What’s in your well?
When I was a young girl of 12 and 13, back in the day, I was a victim of some relatively mild middle-school harassment from a few girls in my class…knocking my coat onto the floor, laughing behind my back, pretty harmless stuff. But these were girls who I thought were friends, and it hurt my feelings, which I’m sure was obvious and only served to fuel their preadolescent perfidy. As I’ve looked back on those days I’ve often thought that if I had had a more confident personality and a thicker skin, they would have gotten no satisfaction from harassing me and quickly moved on to someone else.
I was reminded of this today as I read about a debate going on in Great Britain over attempts to criminalize expressions of the word “Yid” at soccer games to refer to Jews.

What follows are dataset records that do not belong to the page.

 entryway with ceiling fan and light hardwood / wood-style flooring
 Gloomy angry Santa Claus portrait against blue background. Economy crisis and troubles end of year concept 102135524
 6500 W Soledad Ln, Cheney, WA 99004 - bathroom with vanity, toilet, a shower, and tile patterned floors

Even though the ones mostly using it are Jewish themselves and consider it an expression of support for their team and their fellow fans, the word has a history of being used derogatorily, so some believe it should be banned in a public setting. It is described as equivalent to using the “N” word to refer to African-Americans.

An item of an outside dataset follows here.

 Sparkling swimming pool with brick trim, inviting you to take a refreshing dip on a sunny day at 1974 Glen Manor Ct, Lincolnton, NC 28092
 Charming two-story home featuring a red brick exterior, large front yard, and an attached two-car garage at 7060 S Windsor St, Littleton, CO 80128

Now, I’m neither Jewish nor black, so I acknowledge there may be nuances of the use of racial and ethnic epithets that I do not understand. The nearest I can relate is being called a “Polak” because of my Polish heritage. Still, I don’t believe legislating against them is the answer, because it only magnifies the offensive nature of the words, fueling the hater’s desire to employ them as weapons. If instead, the targets deflected the barbs by refusing to allow them to stick or prick, the offenders would soon see that the words are ineffective and would discard them.
Banning certain words does little if anything to address the hatred from which they spring. What overcomes hatred is love, not legislation. Imagine a snarling, hate-filled expulsion of a racial slur being met with a smile and a “Have a nice day.” Who has the power in that exchange? Who is the victor in that semantic skirmish?
Instead of criminalizing “hate” speech, which only drives the hater to invent new ways to act on his or her hatred, why not focus our attention, efforts, and money on dealing with the hatred itself? There are multiple ways of doing that, yet they will not have long-lasting success unless we realize that hatred is a sin we all as humans fall into by default. Yes…de fault is ours. And that God IS love1, and so love is of God, and the only way we can deal a decisive blow to hatred is by submitting to him and allowing him to change us from the inside out.
Our speech and actions are the outward demonstrations of the condition of our inward being. The well that we draw from determines the nature and purity of the water we drink and give to others. “For out of the overflow of his heart his mouth speaks.”2
We don’t need more laws; we need new hearts. We need new wells.